This is confirmed by a study made by another clinical psychologist, Dr Wilson Van Dusen, formerly of the Mendocino State Hospital in California. Van Dusen spent sixteen years observing the effect of hallucinations, and he describes his findings in a chapter called ‘The Presence of Spirits in Madness’ in his book The Presence of Other Worlds. His conclusions are, perhaps, even more startling than those of Julian Jaynes.
Van Dusen explains that most patients who are hallucinating prefer to keep their experiences to themselves, since they know it will be taken as a proof that they are mad. However, one unusually cooperative patient asked him if he would mind talking directly with her hallucinations, and he did. Naturally, the hallucination could not answer Van Dusen direct; he had to ask the patient to give an account of what he could hear and see. But there was nothing to stop Van Dusen addressing the hallucination directly. ‘In this way I could hold long dialogues with a patient’s hallucinations and record both my questions and their answers.’ And, like Adam Crabtree, he insists: ‘My method was that of phenomenology. My only purpose was to describe the patient’s experiences as accurately as possible. The reader may notice that I treat the hallucinations as realities — that is what they are to the patient.’
One consistent finding, says Van Dusen, was that the patients felt as if they had contact with another world or order of beings. ‘Most thought these other persons were living. All objected to the term “hallucination”.’

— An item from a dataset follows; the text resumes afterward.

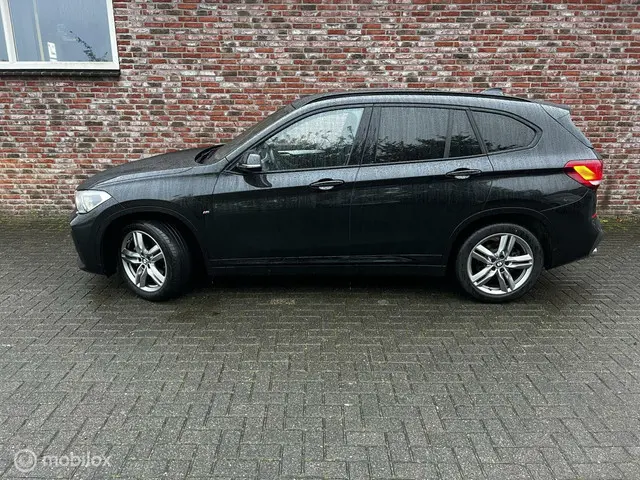 BMW X1 sDrive18i High Executive 2021 Benzine 2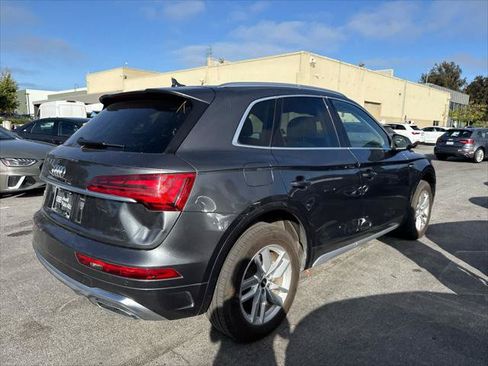 Used 2022 Audi Q5 2.0T Premium AWD/4WD image 2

For most individuals the hallucinations came on quite suddenly. One woman was working in the garden when an unseen man addressed her. Another man described sudden loud noises and voices he heard when riding in a bus. Most were frightened, and adjusted with difficulty to this new experience. All the patients described voices as having the quality of a real voice, sometimes louder, sometimes softer, than normal voices. The experience they described was quite unlike thoughts or fantasies; when things are seen they appear fully real. For instance, a patient described being awakened one night by air force officers calling him to the service of his country. He got up and was dressing when he noticed their insignia wasn’t quite right, then their faces altered. With this he knew they were of the Other Order and struck one hard in the face. He hit the wall and injured his hand. He could not distinguish them from reality until he noticed the insignia …
Most patients soon realise that they are having experiences that others do not share, and for this reason learn to keep quiet about them. Many suffer insults, threats and attacks for years from voices with no one around them aware of it.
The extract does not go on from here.